Gespielt werden die beiden von Birgit und Nicole Radesch (wie sie ihren Nachnamen Radeschnig nun als Künstlerinnen verwenden). Die beiden Schauspielerinnen sind - das "Geheimnis" sei gelüftet - (zweieiige) Zwillinge.
Praktisch alles gemeinsam
Szenenfotos aus "Das doppelt Lottchen"Schon früh begann ihre künstlerische Laufbahn. "Wir hamm mit fünf Jahren angfangan bade das erste Instrument zu schnapp'n, das es geb'n hat. Natürlich woar das die Blockflöte", beginnt Birgit.
"Außerdem samma Schauspielgruppe gongan", ergänzt Nicole. Beides spielte sich in der Vorschule ab. Die Blockflöte "woar uns dann aber bald amal zu fad und dann hamma Klarinett'n ang'fangan - mit acht."

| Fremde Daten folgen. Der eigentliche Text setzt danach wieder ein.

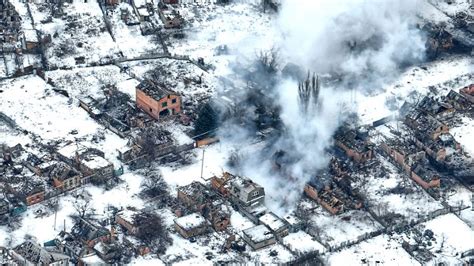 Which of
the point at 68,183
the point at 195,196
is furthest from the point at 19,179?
the point at 195,196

Praktisch alles gilt für beide, sprechen sie streckenweise im Interview auch im Duett. "Wir wollten bade des moch'n, hom immer die gleich'n Interesseng'hobt, außer Gitarre und E-Gitarre, das spül nur i (Birgit) und du host g'sungan" (an Nicole gewandt). Das war aber erst mit 13 Jahren. "Wir hom in ganz vü Bands gspüt, im Kirchenchor und bei der Lindenhofer Bauern(blas)kapelle - überall hamma mitgmocht. Und in aner Bigband und in an Orchester. Ach ja, da hamma a no Klavier gspüt - wieder bade."
Alles, was es so künstlerisch zu tun gab im Bezirk, das deckten die beiden ab. "Mia war'n überall dabei. Also mit Schul geh'n war net vül, nur in die Schul gaungan und danach glei in die Musikschul, Chorproben und Klanggruppen..."
Bis elf seien sie immer gleich angezogen gewesen, sogar gleich hergerichtet, frisiert... "Daun is uns des voll am Oasch gaungan und mia hom uns durchgsetzt, hom des voll vaändat, san a nimma in da gleich'n Reih g'sess'n und so..."
Privat nix geredet
Die Zwillinge in einer SzeneNach dem Gymnasium (da es nur einen musikalischen Zweig gab, waren sie auch da angewiesen, die gleiche Klasse zu besuchen), landeten die beiden sofort danach in Wien und bewarben sich um die aufnahme im Konservatorium - für musikalisches Unterhaltungstheater. "Komischerweise hamma's bade g'schafft."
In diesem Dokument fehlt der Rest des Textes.